To install nuget.exe, funny enough, I’ve had to use chocolatey. Pretty simple here, just import the cChoco module and you’re done.

        cChocoInstaller installChoco
        {
            InstallDir = "c:\choco"
        }

        cChocoPackageInstaller installNugetCLI
        {
            Name        = "nuget.commandline"
            DependsOn   = "[cChocoInstaller]installChoco"
        }

Add VSTS Package Management feed

A bit more going on here. I use the Script DSC resource to register the VSTS package source feed. Obviously, this gets fed through a Powershell Parameter, along with VSTS credentials. For simplicity, I just use the PAT - which allows you to put in any username you want. For more information about the DSC Script resource, read this

   Script addNugetSource
      {
        GetScript = {
            $scriptBlock = {C:\choco\lib\NuGet.CommandLine\tools\nuget.exe sources}
            $result = Invoke-Command -ScriptBlock $scriptBlock
            $pkgSourcePattern = "*" + $Using:pkgSourceUri + "*"
            if($result -like $pkgSourcePattern)
            {
                return @{            
                    Result = "SourceFound"          
                }      
            }
            else
            {
            return @{            
                    Result = "SourceMissing"          
                } 
            }

        }

        SetScript = {
                     
            $scriptBlock = {param($pkgSource,$pkgKey)
            C:\choco\lib\NuGet.CommandLine\tools\nuget.exe sources remove -name nugetPkg
             C:\choco\lib\NuGet.CommandLine\tools\nuget.exe sources add -name nugetPkg -source $pkgSource -UserName anyuser -Password $pkgKey}
            Invoke-Command $scriptBlock -argumentList $Using:pkgSourceUri,$Using:pkgSourceKey
            
            Write-Verbose "Adding source $Using:pkgSourceUri with $Using:pkgSourceKey"
        }

        TestScript = {
            ##addNugetSource is idempotent
            return $false
        }
        DependsOn = "[cChocoPackageInstaller]installNugetCLI"
      }

Pull Nuget Package

Lastly, once the source is installed, let’s grab that Nuget Package! Same goings on here - using the Script DSC resource, and making use of the same parameters that are fed in ($pkgSourceUri, $pkgName, $buildVersion).

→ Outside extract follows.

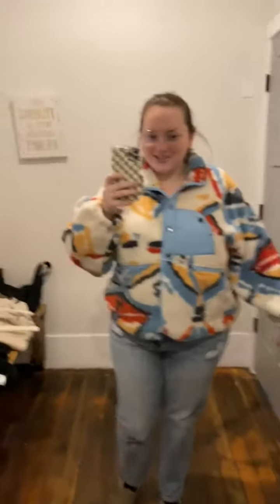This is such a fun print. It's definitely like an abstract. It has zippers on the sides, and it has these snaps, and then there's a snap here — I don't know if this is functional, actually. It might just be a decorative one. It's like a fleece on the outside, and then it's a little scratchy on the inside, so I'd probably wear a long sleeve under this.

        Script pullNugetPkg
        {
            GetScript = {

            $scriptBlock = {C:\choco\lib\NuGet.CommandLine\tools\nuget.exe sources}
            $result = Invoke-Command -ScriptBlock $scriptBlock
            $pkgSourcePattern = "*" + $Using:pkgSourceUri + "*"
            if($result -like $pkgSourcePattern)
            {
                return @{            
                    Result = "SourceFound"          
                }      
            }
            else
            {
            return @{            
                    Result = "SourceMissing"          
                } 
            }
        }
        SetScript = {
            $scriptBlock = {param($pkgSourcePull,$pkgNamePull,$pkgVersion)C:\choco\lib\NuGet.CommandLine\tools\nuget.exe install $pkgNamePull -Source $pkgSourcePull -Version $pkgVersion -ExcludeVersion -outputdirectory "C:\inetpub"}
            Invoke-Command $scriptBlock -ArgumentList $Using:pkgSourceUri,$Using:pkgName,$Using:buildVersion   
        }
        TestScript = {
           return $false

        }
            DependsOn = "[Script]addNugetSource"
        }

Summary

You can grab the DSC Configuration here. I’ll probably package this up into a DSC resource on its own once I find the time. Have fun!!